YOUR ASSIGNMENT: For the data that follows, print the line with "Read more about", the line with "Maid coffee by xmimorguex &  gloom_sg - 4", and all lines between them, exactly as they stand. Omit pictures and add nothing.

DATA FOR THE TASK:
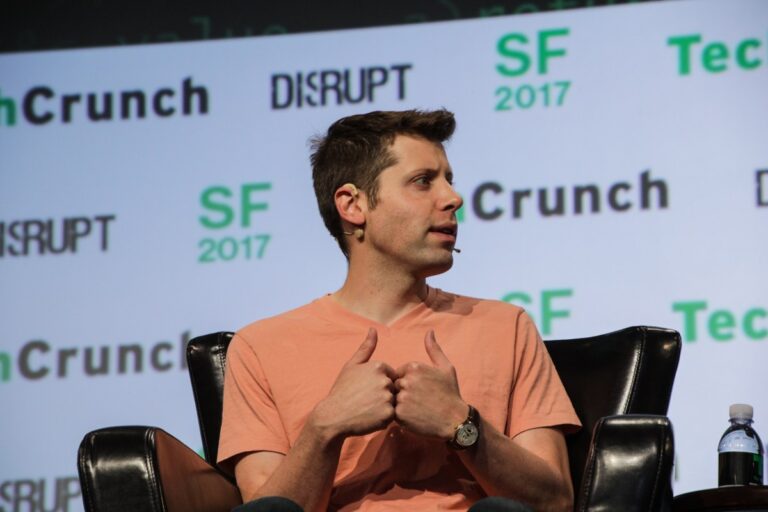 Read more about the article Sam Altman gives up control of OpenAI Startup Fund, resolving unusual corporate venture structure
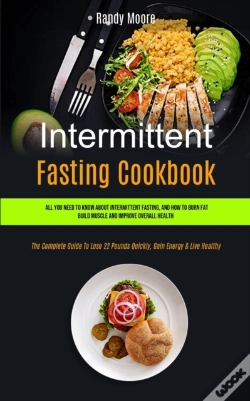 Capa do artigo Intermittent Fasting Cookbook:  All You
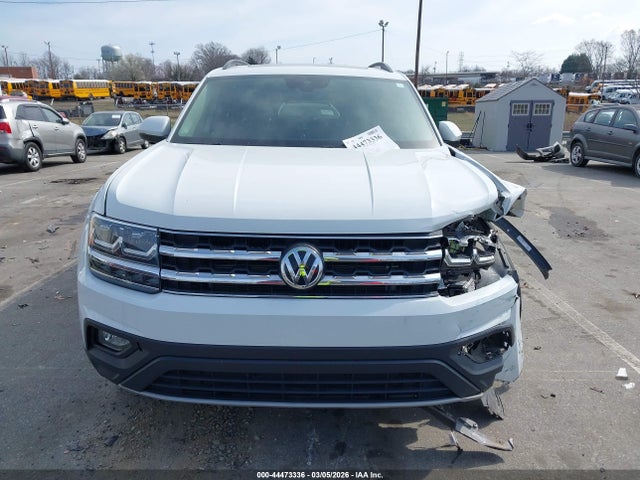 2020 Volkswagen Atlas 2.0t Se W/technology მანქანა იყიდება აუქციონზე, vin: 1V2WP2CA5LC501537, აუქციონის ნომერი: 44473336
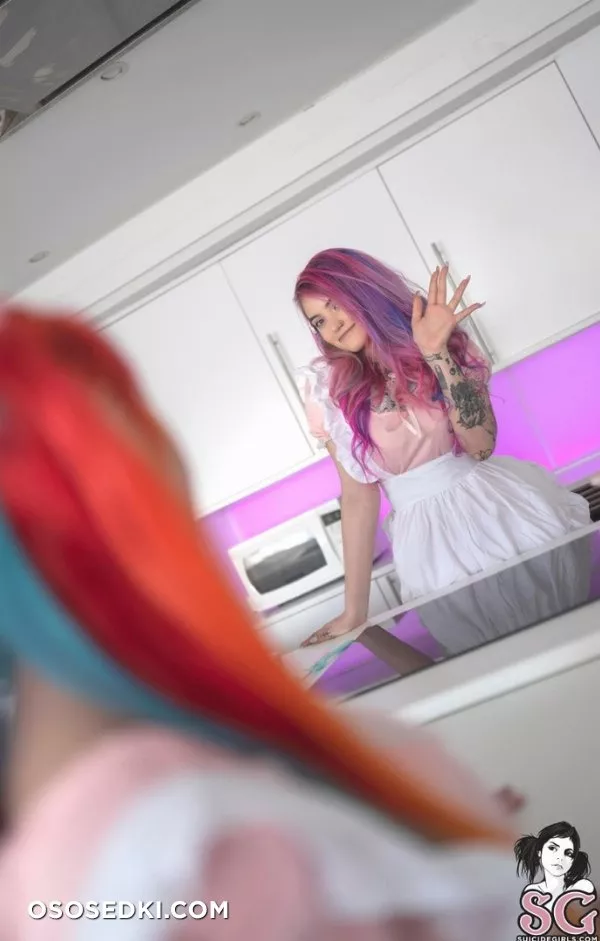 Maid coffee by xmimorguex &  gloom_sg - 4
...
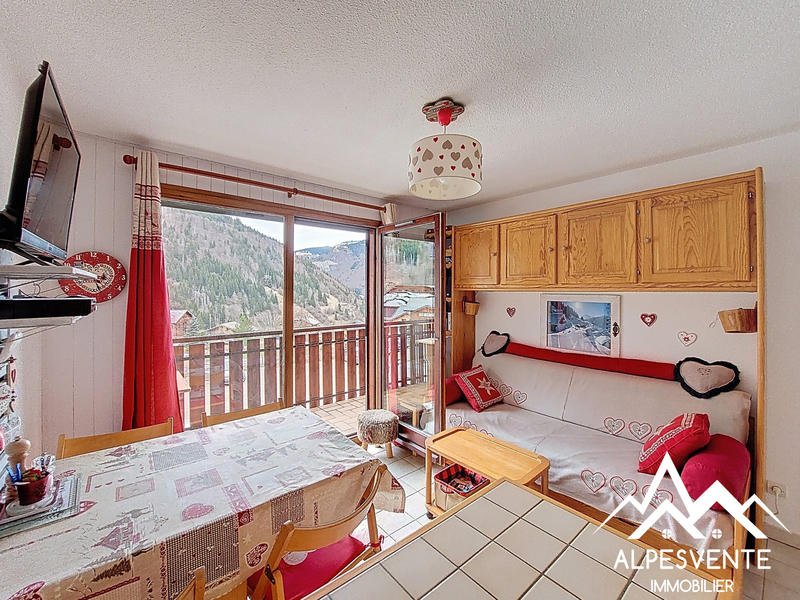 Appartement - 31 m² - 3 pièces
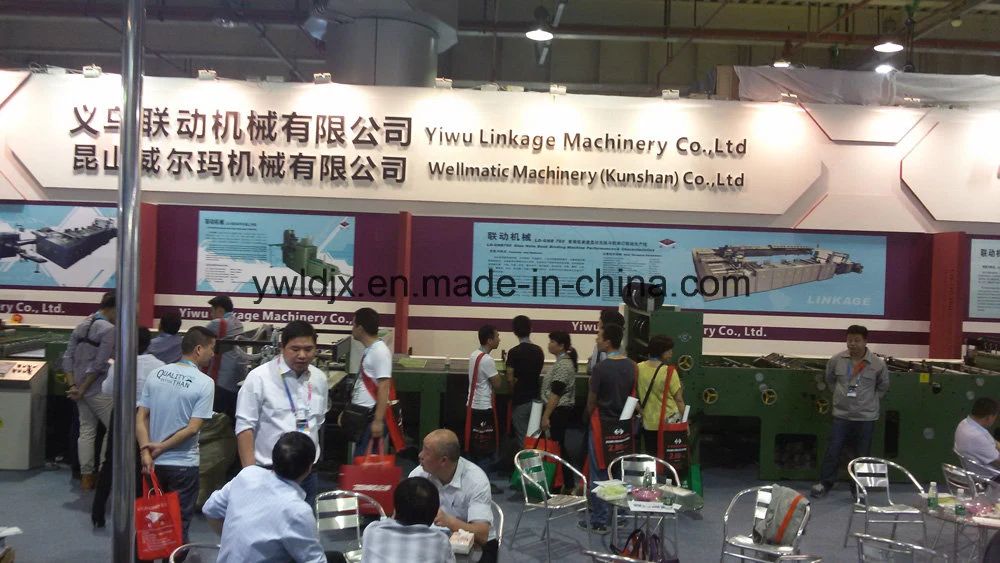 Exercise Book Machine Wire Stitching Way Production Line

RESPONSE:
 Read more about the article Sam Altman gives up control of OpenAI Startup Fund, resolving unusual corporate venture structure
 Capa do artigo Intermittent Fasting Cookbook:  All You
 2020 Volkswagen Atlas 2.0t Se W/technology მანქანა იყიდება აუქციონზე, vin: 1V2WP2CA5LC501537, აუქციონის ნომერი: 44473336
 Maid coffee by xmimorguex &  gloom_sg - 4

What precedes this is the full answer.